After reading this paragraph, in answer to a question on Shakespeare's educa-tion, the students invariably say that he went to Cambridge. The problem concerns the underlined sentence. The correct answer to this question is that the paragraph tells us that Christopher Marlowe went to Cambridge, but says nothing about Shakespeare's own education, which is not documented. This is a good illustration of the point that students in sheltered courses are there because they are not yet ready to handle materials written for native speakers. It is often necessary to revise authentic texts to eliminate extraneous information, such as that on Marlowe, and excess embedding, which led to the confusion over the antecedent of the possessive pronoun 'his', and to simplify items of vocabulary, such as 'ponderous' or 'conceivable'. At its best, this process, which Stevick calls "an art" (1972, p. 113), gives students the information they need in a form that fits the level of their reading ability.

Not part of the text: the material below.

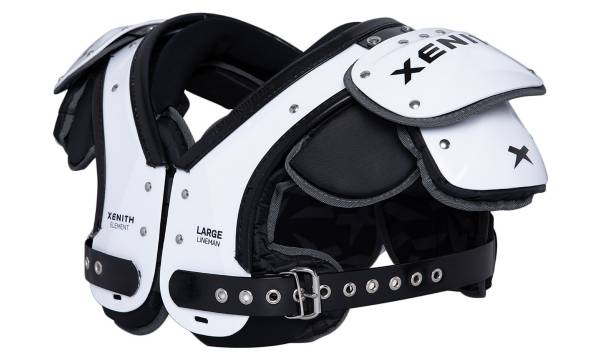 Xenith Varsity Element Lineman Football Shoulder Pads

Information of any kind is easier to find when it is organized in an abbreviated form, such as an outline or a chart, than when it is in an essay, and information about something unfamiliar, such as a foreign culture or another period of history, is easier to relate to when it is put into a familiar framework. According to schema theory,

comprehending a text is an interactive process between the reader's background knowledge and the text. Efficient comprehension requires the ability to relate the textual material to one's own knowledge. Comprehending words, sentences, and entire texts involves more than just relying on one's linguistic knowledge. (Carrell and Eisterhold, 1987, p. 220)

Japanese history during the sixteenth and seventeenth centuries is naturally not mentioned in The Story of English, but it is a part of the background knowledge of students here. As such, it makes a good starting point for discussions on culture, politics, and the history of the theater.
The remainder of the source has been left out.